Frankly, the time to deal with this is in the 2010 cycle.  If Romney can be as effective in other races as he was helping Scott Brown he will have built a huge base of insiders, but more he will have successfully united the two branches.  If that happens, you can look for the Dems to try and punch this button in any way possible.  The Mormon issue will be back big – they’ll want to rub the scar, anything to open the wound.  But it’ll be too late.

In The Deep End

Politics really does hurt the church more than the church hurts politics.

Neither the president, nor the state in general can be a Savior.  But a lot of people confuse the two.  That’s the rel problem when religion and politics mix.  It is also more evidence about why politics hurts religion.  It co-ops the language of religion for its own use.

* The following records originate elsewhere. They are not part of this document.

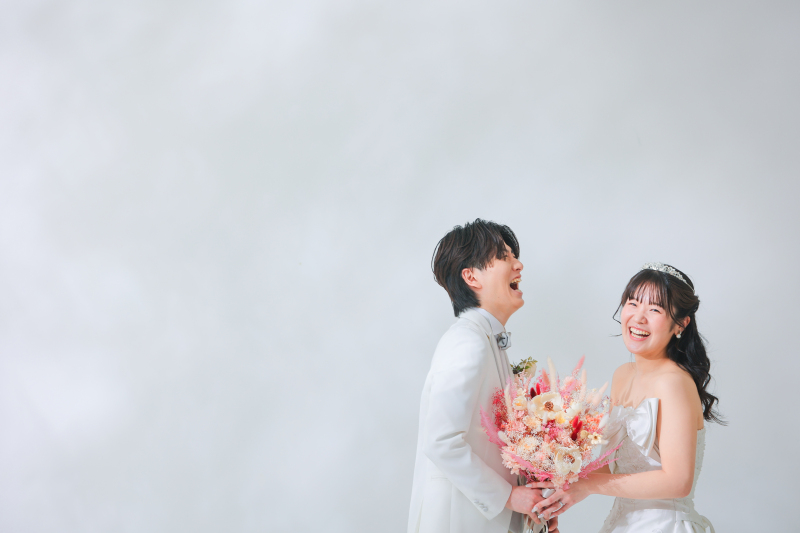 笑い声が聞こえてきそう!自然体の笑顔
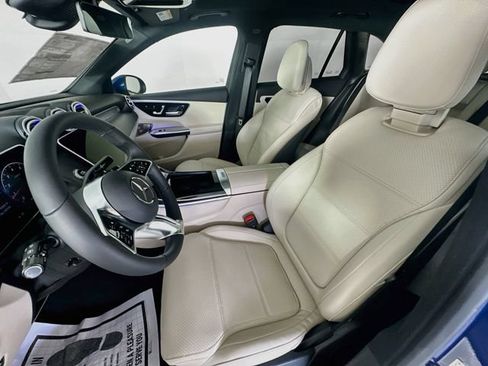 Used 2026 Mercedes-Benz GLC 300 image 21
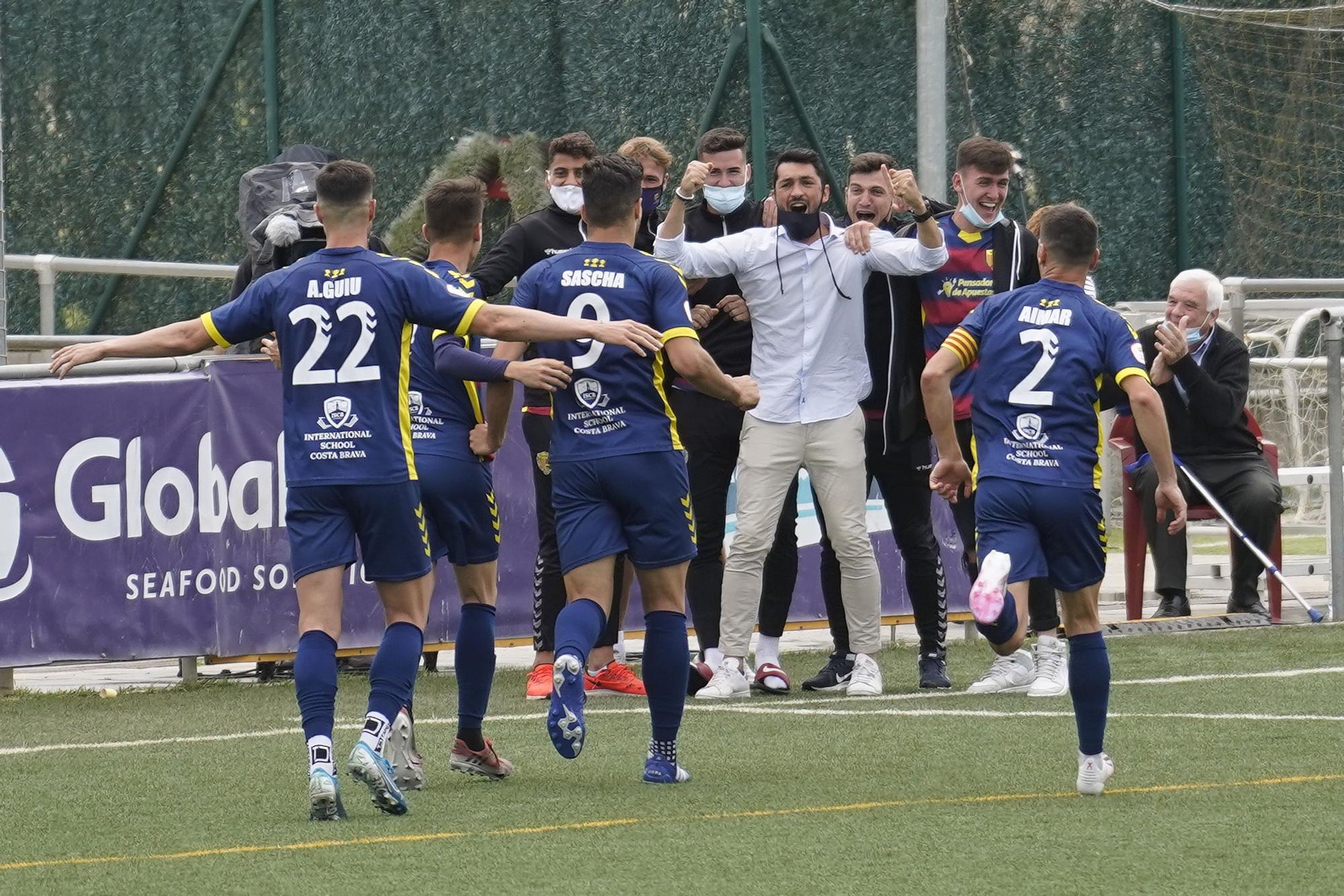 El Llagostera és de Primera RFEF (3-3)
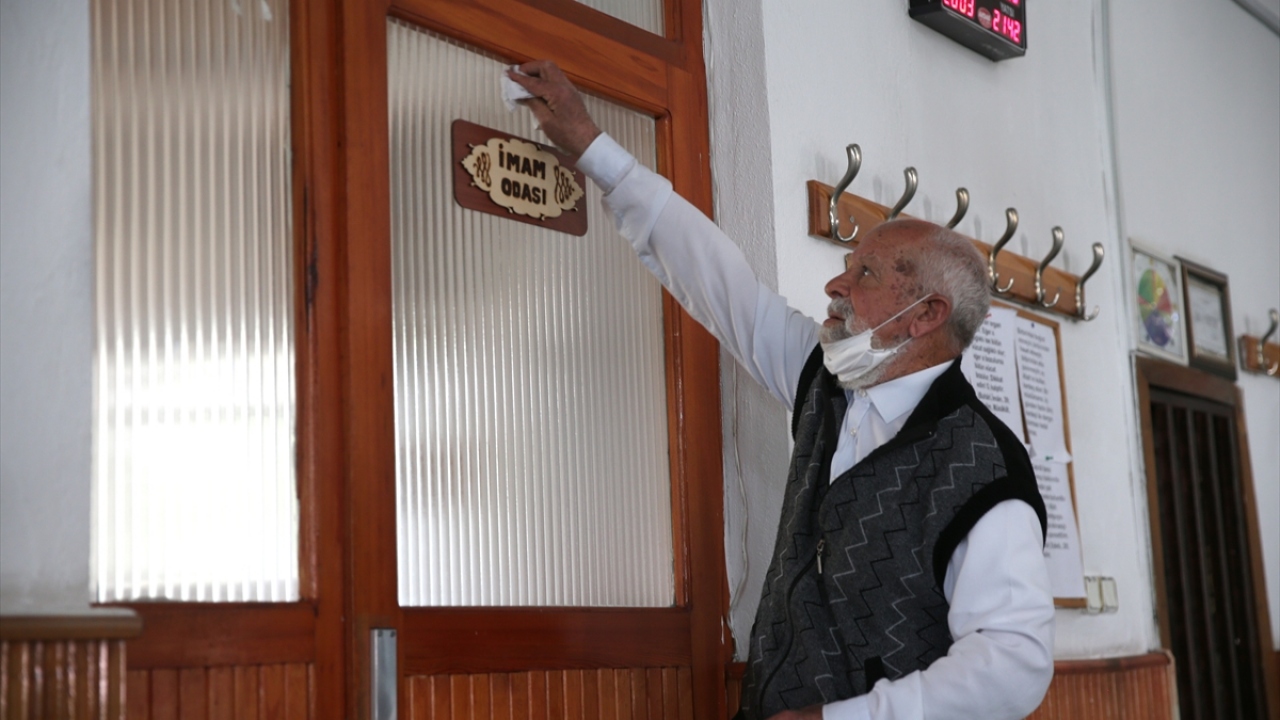 İmeç, polislik hayatı boyunca Kayseri, Elazığ ve Kırşehir`de görev yaptığını anlattı.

These are reasonable guidelines, because this is what must be avoided.

Lowell adds . . .

Regarding the Tea Party activists, the kiss of death for Romney is to be branded the “establishment” candidate.  I don’t detect much of a religious undercurrent in that group of voters; if anything they remind me of Ross Perot’s group, but angrier (and justifiably so).  Remember:  We probably have Perot to thank for Bill Clinton’s election, so John’s worries are not unfounded.

Thanks to Instapundit, here’s an interesting (and predictable) piece from Newsweek’s Lisa Miller, who thinks “moderate evangelicals” who once supported President Obama are becoming disenchanted with him.  (John must quip: Gee, could it be they are fairly conservative at root?  Back to Lowell . . .)

Now, keep in mind that to MSM writers like Ms. Miller, “moderate” means “believes in social justice through government action,  loosely based on on the Bible.”  In Miller’s view, during the 2008 campaign “Obama created a vision of America as a place where people took care of one another because it was the right thing to do,” and he did so by “[d]rawing on Niebuhr, Lincoln, and King.”

Lincoln?  A voice for Niebuhr-style social justice?  But I digress.  Miller elaborates:

Count the moderate faithful, then, among those palpably disappointed in the president. Part of this is inevitable, the bruising differential between courtship and marriage. But part of it is a legitimate frustration that the thing Obama once did so well—articulate American values as a matter of conscience and community—he seems today not to be able to do at all. His State of the Union address last week was not corrective: more pedantic than inspirational. Health care, centrist clerics say, would have been better if framed strongly from the outset as an issue of social justice. The economy, they continue, is also a values crisis, a failure on the part of the banks and government to respect our collective inter-dependence. “Not my problem” is exactly the mindset that Matthew 25 warns against. “I am my brother’s keeper, my sister’s keeper,” Obama would say on the campaign trail.

We could say a lot about this.  I simply find it interesting that when religious conservatives mention religion as a basis for their policy views, many on the left have a hissy fit; but the same people applaud when Obama does the same thing.

Meanwhile, a documentary film on the involvement of The Church of Jesus Christ of Latter-day Saints in opposing California’s Proposition 8 has hit the Sundance Film Festival in Park City.  I have not seen the film but understand it is produced and directed by former Mormons.  (Do you hear the sound of axes grinding?)  Predictably, reviews have been mixed:

Daniel Fienberg, a blogger for the Web site Hitfix, dismissed it as “sloppily assembled propaganda,” while the Salt Lake City Tribune called it “a vital, important cry for an open dialogue.” Variety said the film “covers a lot of ground in a short space, not always in the most organized way, but on enough fronts to spark an informed dialogue.”

The public discussion about Prop 8 is fascinating to watch.  We are watching an important chapter being written about the role of churches and faith communities in the public square.

I should say that better:  Let’s not just be watching; let’s help write that chapter.